The longer I’m clean and sober, the more I feel a sense of obligation to help others.
Like many addicts and alcoholics in the throes of this disease, my world revolved around me; and the deeper I dove in to it— the more vacant my spirit became. People who cared about me did their best to encourage me to seek help, and the more I heard I had a problem — the farther away I ran. The shame I felt was overwhelming and frightening. “They just don’t understand,” is what I kept telling myself. “I can stop whenever I want to!” A lie most addicts tell themselves.

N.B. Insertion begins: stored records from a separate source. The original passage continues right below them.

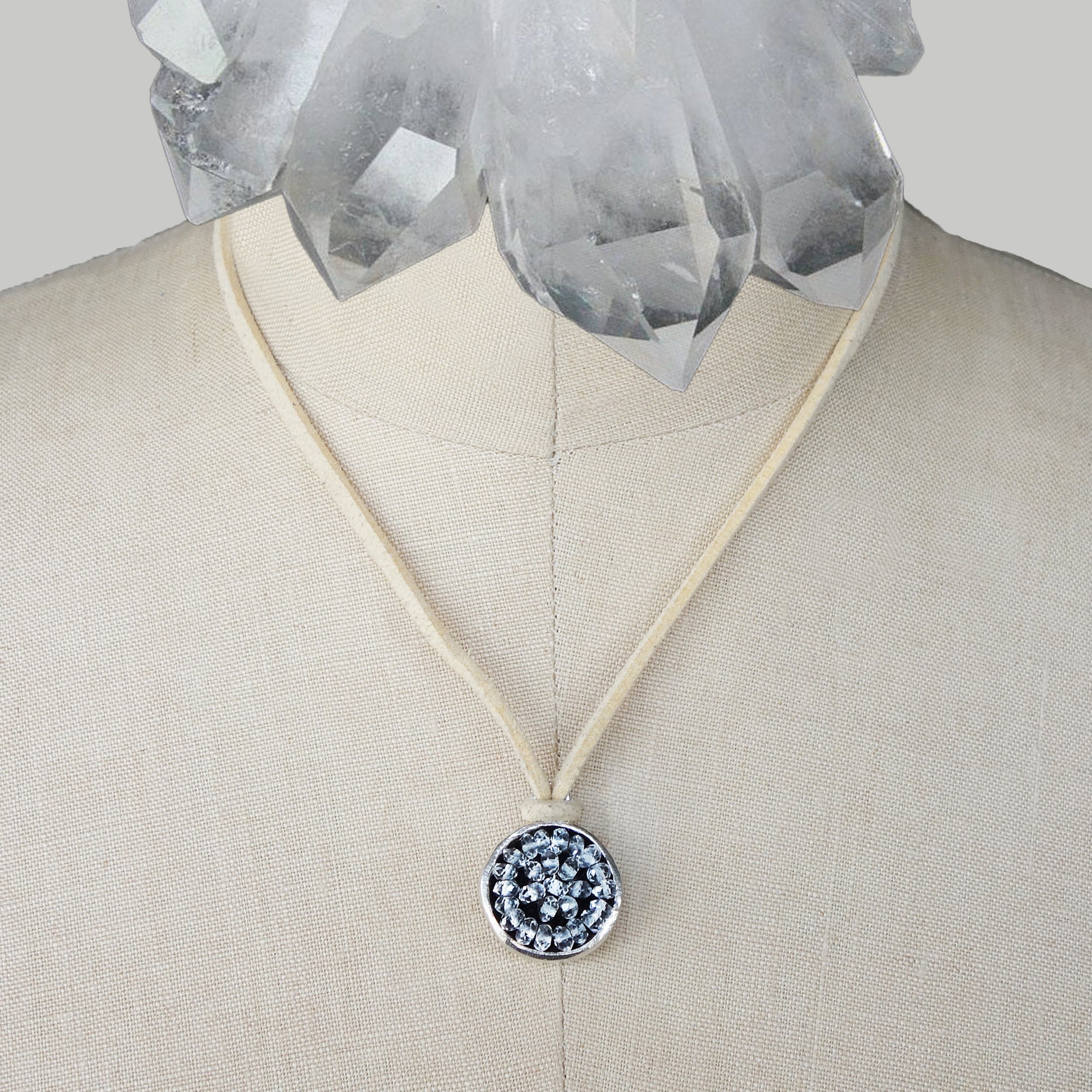 Iconic Clear Quartz mosaic necklace + bracelet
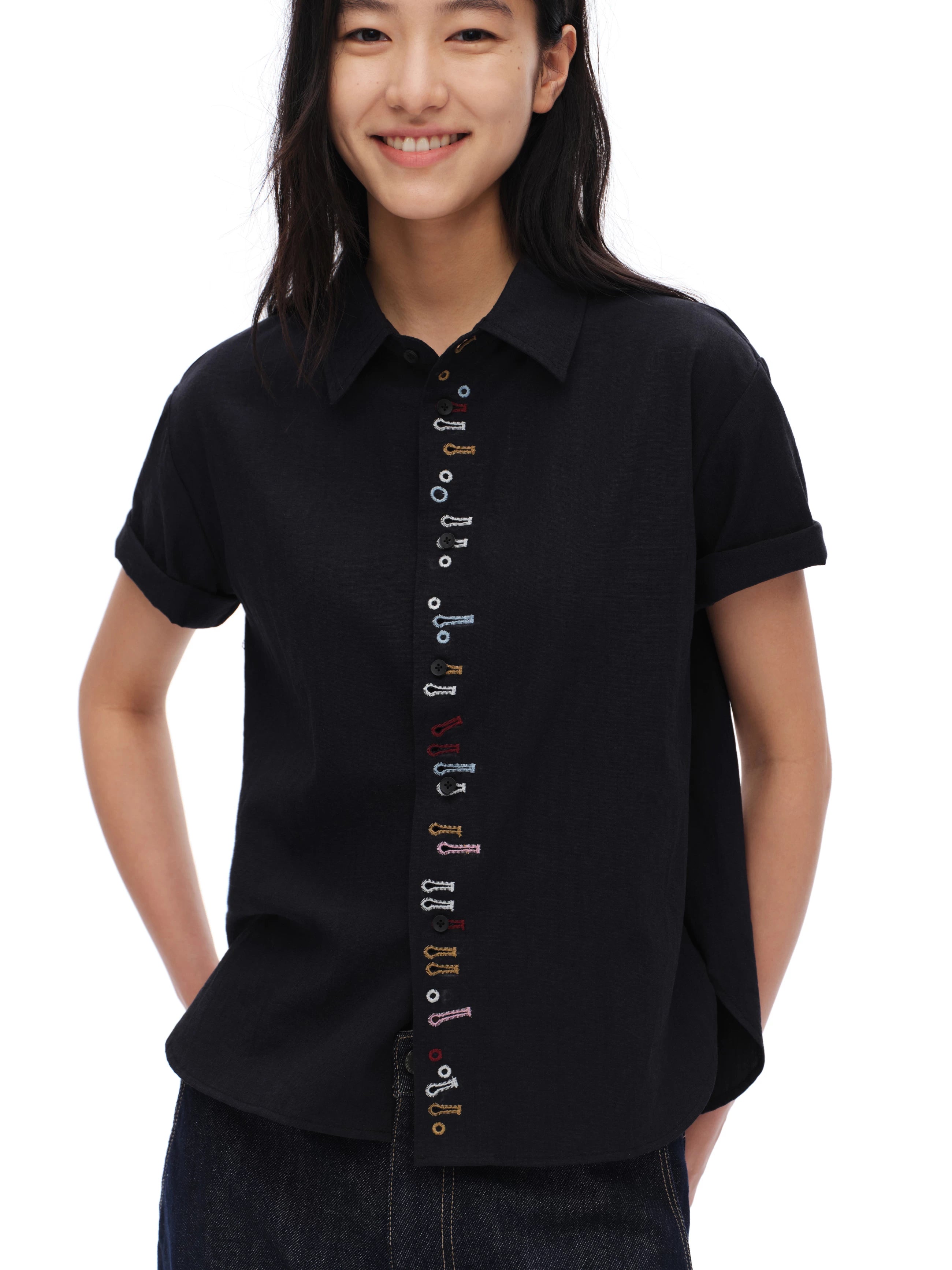 Oinimi Fun Buttonhole Casual Short Sleeve Shirt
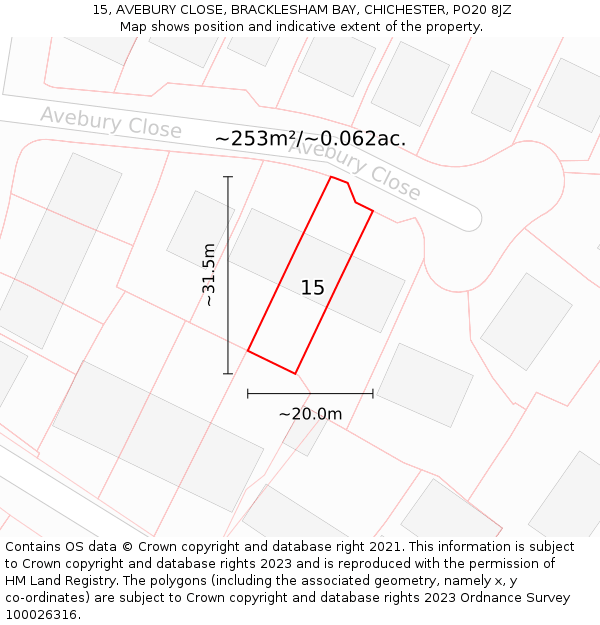 15, AVEBURY CLOSE, BRACKLESHAM BAY, CHICHESTER, PO20 8JZ: Plot and title map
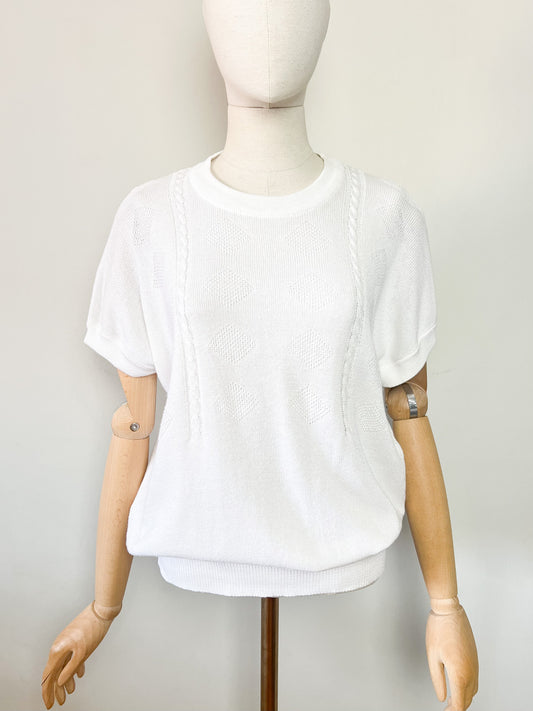 Pull fin manches courtes blanc vintage années 80 maille ajourée T M/L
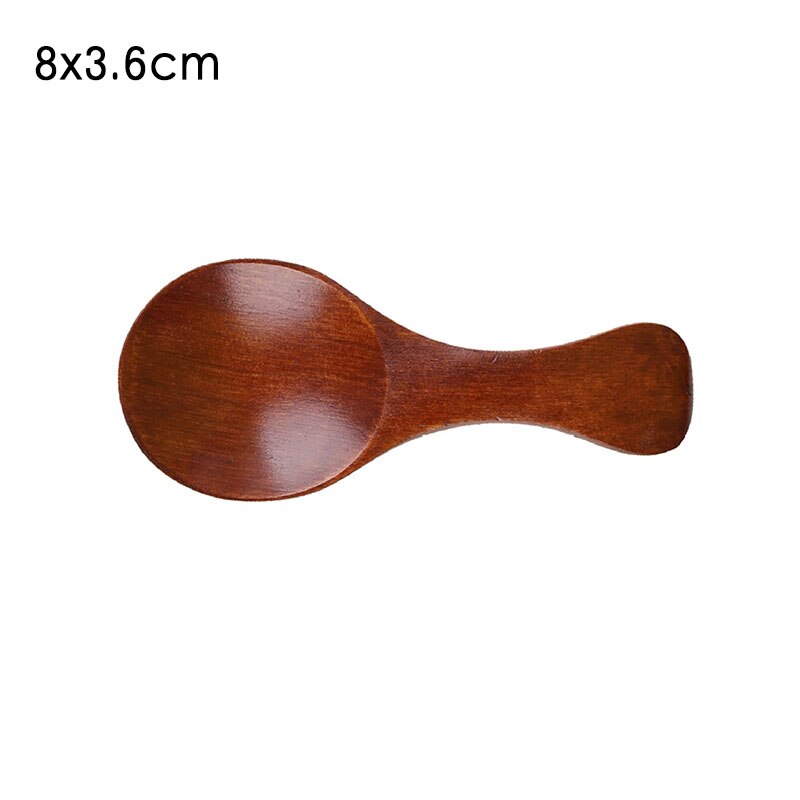 1 st matlagningsredskap kaffe teskedar bestick multifunktion trä stock färg/mörk färg mini socker sked krydda skopa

When I tried to block out the truth, the closer it got. So I moved, changed jobs, friends, sought out lower and lower companions who let me get drunk and high with them and I never felt safe. Those were very dark years and there were many of them. Thinking about that time in my life still gives me chills. Fear and anger ran through my veins, and gratitude was a word I never used.
I came across this quote that sums it up:
“Recovery is not simple abstinence. It’s about healing the brain, remembering how to feel, learning how to make good decisions, becoming the kind of person who can engage in healthy relationships, cultivating the willingness to accept help from others, daring to be honest, and opening up to doing.” ~ Debra Jay
When “me” became “We” and I became willing to change — is when this magnificent journey of recovery began. I am honored to be on this path with you.